Пока лаборатории, механизмы и рынки не были подвергнуты тщательному критическому изучению, Объективность, Эффективность и Полезность — три грации модернизма — просто принимались на веру. У социологов сформировалась опасная привычка исследовать только те виды деятельности, которые отличались
от этих позиций по умолчанию: эту иррациональность следовало объяснять; рациональность же никогда не нуждалась в дополнительном обосновании; прямая дорога разума не требовала никакого социального объяснения,—только лишь извилистые отклонения от нее[130]. Поэтому ни разу не было предложено ни одной настоящей проверки, которая позволила бы увидеть, работает ли социальное объяснение чего угодно на самом деле, или нет,— ведь сама рациональность никогда не ставилась под вопрос. Информанты социологов — даже промышленные магнаты, гении искусства, кинозвезды, чемпионы по боксу или государственные деятели — всегда были отмечены печатью меньшей рациональности, меньшей объективности, меньшей рефлексивности, меньшей научности или меньшей академичности в сравнении с проводившими исследование. Так что социологи, что бы там они сами зачастую ни говорили, в процессе исследования всегда занимали позицию, позволявшую смотреть «сверху вниз», поскольку сила науки оставалась на их стороне и сама по себе не подвергалась тщательному изучению. Религия, поп-культура, мифические космологии, рынки, корпорации, даже произведения искусства никогда не обладали такой силой, как наука о социальном, заменявшая все эти тонкие вещи более твердой субстанцией скрытых социальных объединений, их сил, структуры и инерции. Механизмы explanans всегда были выкованы из более крепкой стали, чем механизмы explanandum: машина легко выдавала доказательства и гнала потоком данные.Например, верующие, подвергаясь «социальному объяснению», никогда не вопили от ярости. Да и кто бы их услышал? Если что, их крики послужили бы вящим доказательством того, что они не могут спокойно видеть, как их причудливые архаические иллюзии находят объяснение в холодном свете неумолимых социальных фактов.

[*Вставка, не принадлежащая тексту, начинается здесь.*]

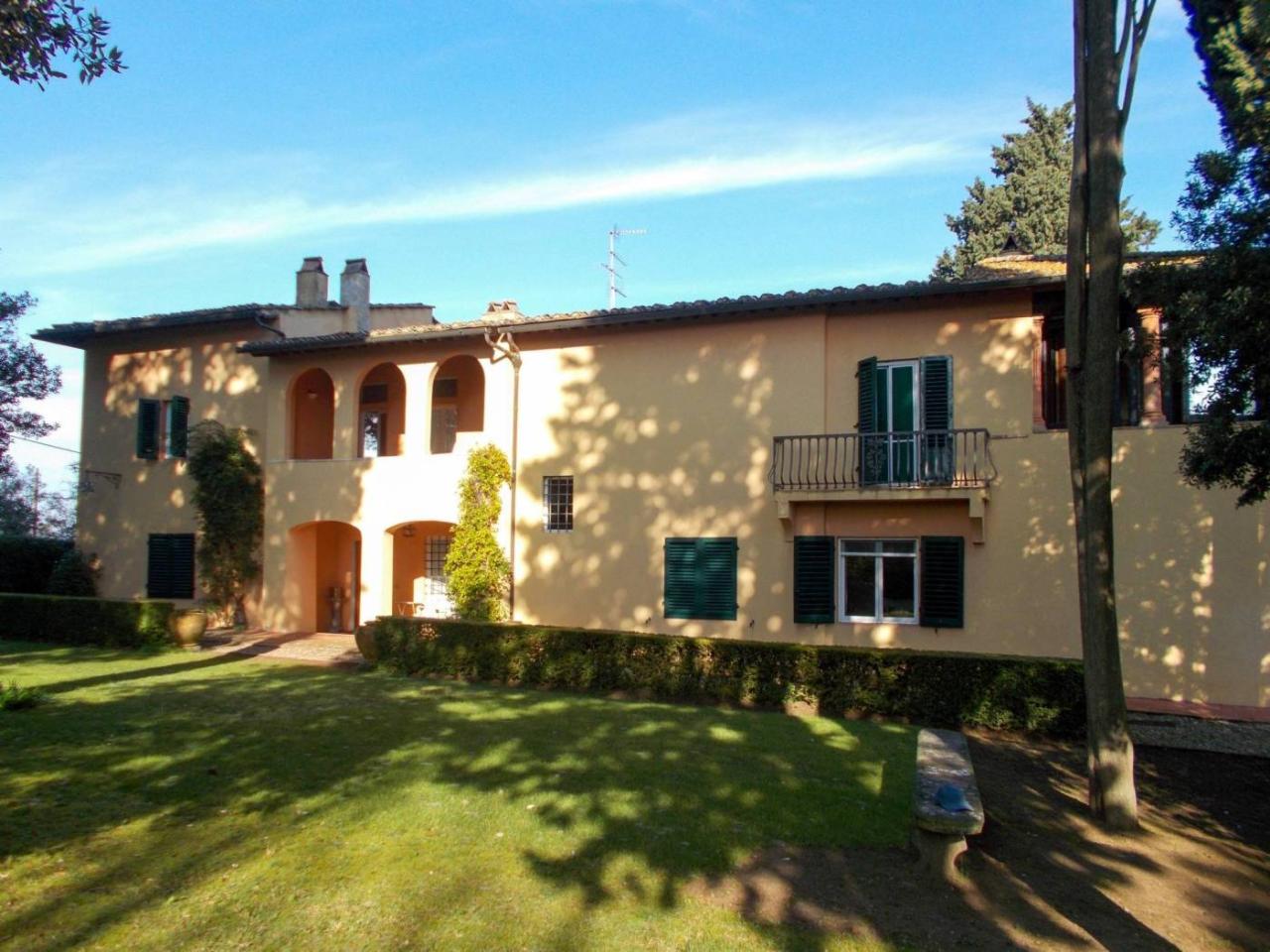 14 rooms Villa in Impruneta, Italy No. 34744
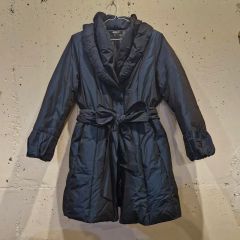 5 HIROKO KOSHINO ダウン ジャケット コート 38 M - メルカリ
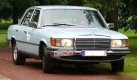 Edel und wertvoll: Der bärenstarke Mercedes 450SE der Baureihe w116 ist inzwischen 11.800 Euro wert. Vor zehn Jahren gab es den Sindelfinger noch für 5700 Euro (Quelle: Classic Data, November 2009, Zustandsnote 2). Foto: wikipedia
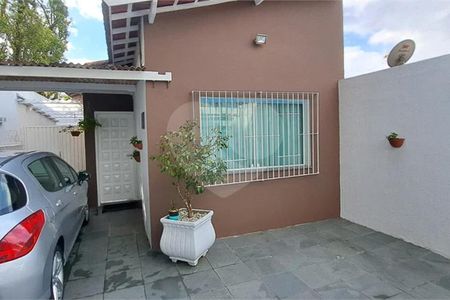 Casa à venda com 2 quartos, 153m² em Assunção, São Bernardo do Campo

И то же самое было бы, если бы политики, бедняки, рабочие, фермеры и художники вопили, когда их «помещают в социальный контекст». Кто бы слушал трехсотлетней давности протесты верующих из тропиков против обвинения в фетишизме? Они могли роптать или пожимать плечами, но так никогда и не отразили
приведенных социологами аргументов. Так кто бы стал оценивать эффективность социальных объяснений? Уж конечно, не представители критической социологии,—в частности, потому, что их «объяснения» всегда состоят в нападении на проблемы, которые их самих не слишком волнуют. И социальное объяснение не только никогда не наталкивалось на противодействие, но его кислота без труда разъедала вопросы, которые не могли волновать социологов меньше, поскольку они в своей почти профетической устремленности к эмансипации пытались помочь людям освободиться от них! Что же могло пробудить их от догматической спячки? Разве что мягкий гул лабораторного кондиционера!Это и была Архимедова точка опоры, которую искала социальная теория... Наука представляла совершенно иной вызов, и именно по этой причине мы сразу ухватились за него, хотя по соображениям логики я в этой книге поставил его на четвертое место. Социологи не только всем сердцем заботились о науке,—она оставалась их единственным сокровищем с тех пор как жестокое разочарование в модернизме сокрушило все старые идеалы. Превыше объективности, всеобщности и научности не было ничего, чем стоило бы дорожить. Их единственная надежда была на то, чтобы стать полноценными учеными. Но вот социологам впервые привелось исследовать нечто такое, что было выше, крепче
и сильнее их самих. Впервые explanandum сопротивлялся, a explanans сточил об него зубы до корней. Мало того: теперь крики изучаемых могли слышаться громче и яснее, и доносились они не с Бали, из разных гетто, телевизионных студий, корпоративных залов заседаний или американского Сената, а из-за двери соседнего отдела, от коллег из тех же комитетов по трудовому найму и распределению грантов.